Monocyte recruitment
Monocytes are thought to reach the arterial wall by transmigrating through the luminal endothelium. However, the evidence for this is circumstantial and monocyte transmigration into atherosclerotic lesions has not been observed directly. Morphologic studies show that monocytes can be found adherent to the luminal endothelium 10. Ex vivo perfusion studies show that monocytes can roll and adhere to the luminal endothelium of atherosclerotic, but not normal arteries 67, 68, but in these experiments the wall shear stress was lower than in vivo, and did not follow the normal cardiac cycle. In vivo observations of leukocyte adhesion in mouse abdominal aorta have been reported 69, but the nature of the leukocytes (monocytes or granulocytes) was not identified. In a recent intravital microscopic study, the chemokine receptor requirement for neutrophil, but not monocyte recruitment into the carotid artery was reported 70.

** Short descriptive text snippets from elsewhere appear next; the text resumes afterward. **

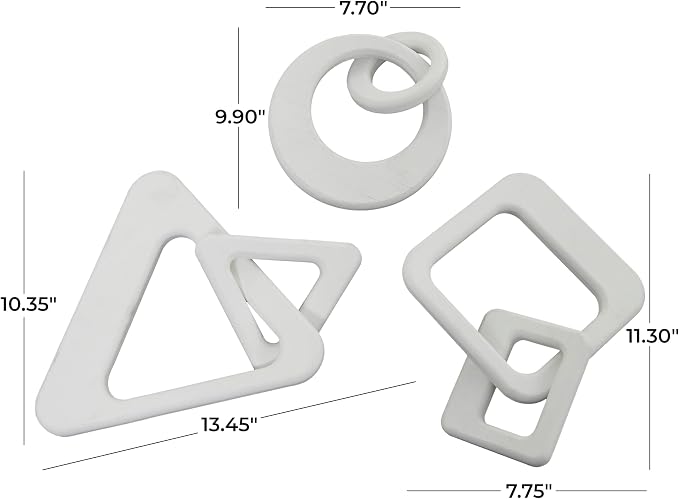 CosmoLiving by Cosmopolitan Wood Chain Decorative Sculpture Home Decor Statues, Set of 3 Accent Figurines 10", 13", 11" W, White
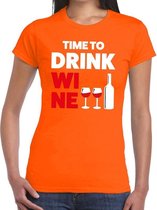 Time to Drink Wine tekst t-shirt oranje dames - dames shirt Time to Drink Wine - oranje kleding M
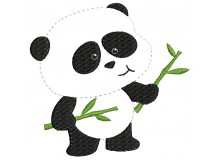 Stickdatei - Patti Panda Bambus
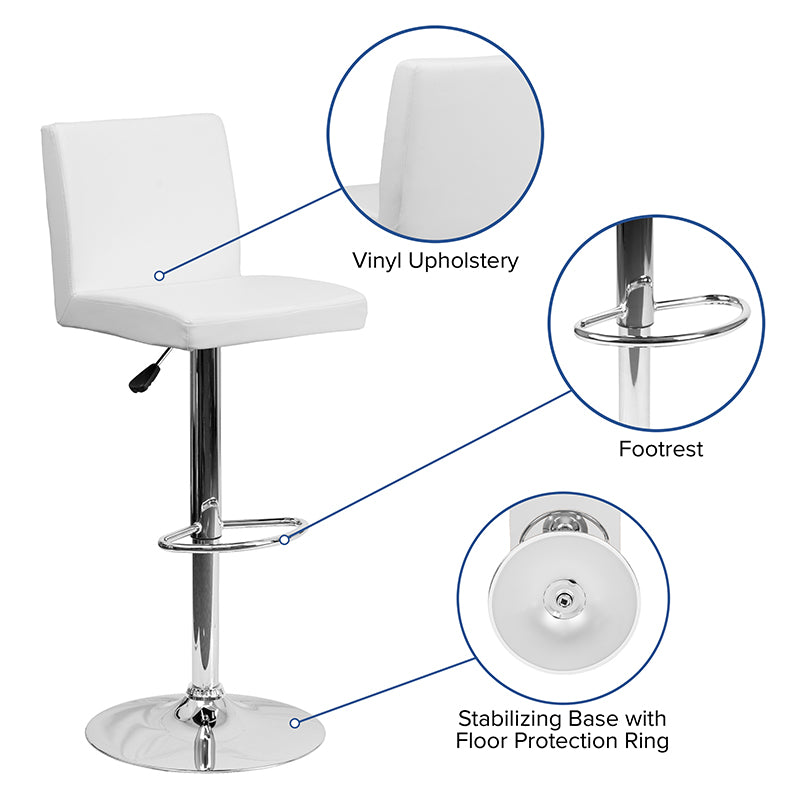 White Vinyl Barstool
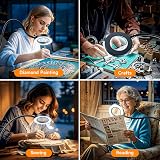 PIKOY Magnifying Glass with Light 10X, 48 LED, 3 Modes, USB Stand Lamp view 6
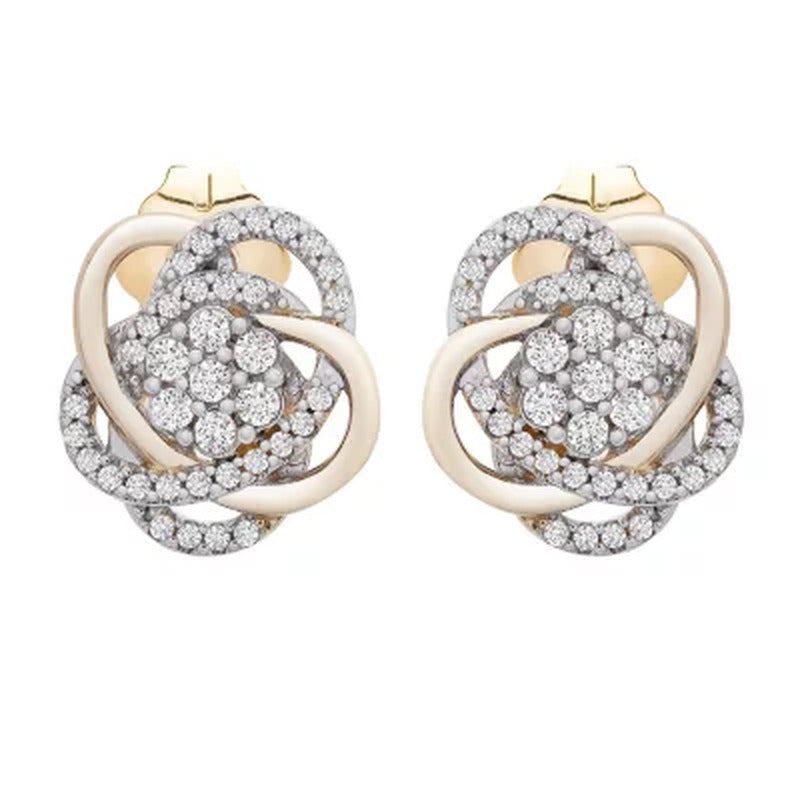 0.25 CT. T.W. Diamond Love Knot Stud Earrings in 14K Yellow Gold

The traditional leukocyte adhesion cascade involves capture, selectin-dependent rolling, activation by an endothelial surface-bound chemokine, integrin-mediated adhesion, and transendothelial migration 71, 72. The main selectin responsible for monocyte rolling in atherosclerotic mouse arteries appears to be P-selectin 67. L-selectin appears to be involved in lymphocyte homing to mouse aorta 12, but not in monocyte recruitment. Most monocyte firm adhesion is dependent on the α4β1 integrin, also known as VLA-4 68, 73, which can bind to certain isoforms of fibronectin and to VCAM-1, an immunoglobulin family molecule highly expressed in endothelial cells near atherosclerotic lesions 74. Although monocytes express other integrins including αLβ2 (LFA-1) and αMβ2 (Mac-1), their role in recruitment to large arteries has not been documented. A list of adhesion molecules relevant to monocyte recruitment can be found in 75.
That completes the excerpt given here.